People spoke of Seaver’s passing as if they lost a family member. And what a wonderful testament to a life lived – that a man who you didn’t know could impact your life in such a profound way that his death feels like losing one of your own. But Seaver didn’t know any of that. He went about his day, he did his job (better than maybe five or ten other people in the history of the game), and then behaved admirably off the diamond. He didn’t know whose life he affected, whose life he changed, whose earworm he created.
Bill Simmons is one of the most well-known sports journalists in the world, he calls any number of coaches and players good friends, he runs a media empire and can get anyone on the phone at nearly any time (including President Obama). And yet, even he has a Tom Seaver earworm. He reflects with great revelry the time he stood in a makeshift batter’s box while Seaver played catch with Bill’s buddy, Gus. Bill has traveled the world and seen every form of competition up close; he has hosted thousands of podcasts; he has written two books and millions of column words. And yet, nearly forty years after the fact, he can still describe, with precision, standing in his friend’s front yard when Tom Terrific buzzed him with a curveball. If you had asked Seaver about that day prior to his death, I feel fairly certain he would have had no recollection. But, no matter, Simmons does. And there are any number of stories just like that; when a performer did something or said something that impacted our lives – maybe not permanently, maybe not even significantly – but impacted us nonetheless.
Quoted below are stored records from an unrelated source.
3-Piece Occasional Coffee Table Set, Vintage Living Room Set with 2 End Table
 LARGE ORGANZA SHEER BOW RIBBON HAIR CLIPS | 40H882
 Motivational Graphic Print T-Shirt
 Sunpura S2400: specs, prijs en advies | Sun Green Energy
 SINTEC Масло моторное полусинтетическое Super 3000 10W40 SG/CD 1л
These stories represent an important life lesson – our actions have reverberations well beyond our vision. The next time we pass a homeless man begging on the street or a kid selling chocolate bars or someone asks for a letter of recommendation, think about the impact that our response might have; consider those who may always remember a small word or deed, a simple act of kindness, something that we will forget in a day’s time, but they will keep with them forever. Tom Seaver did that for a generation of Mets fans; and so too have athletes, actors, and performers all across the world for their fans. We would be wise to follow their lead.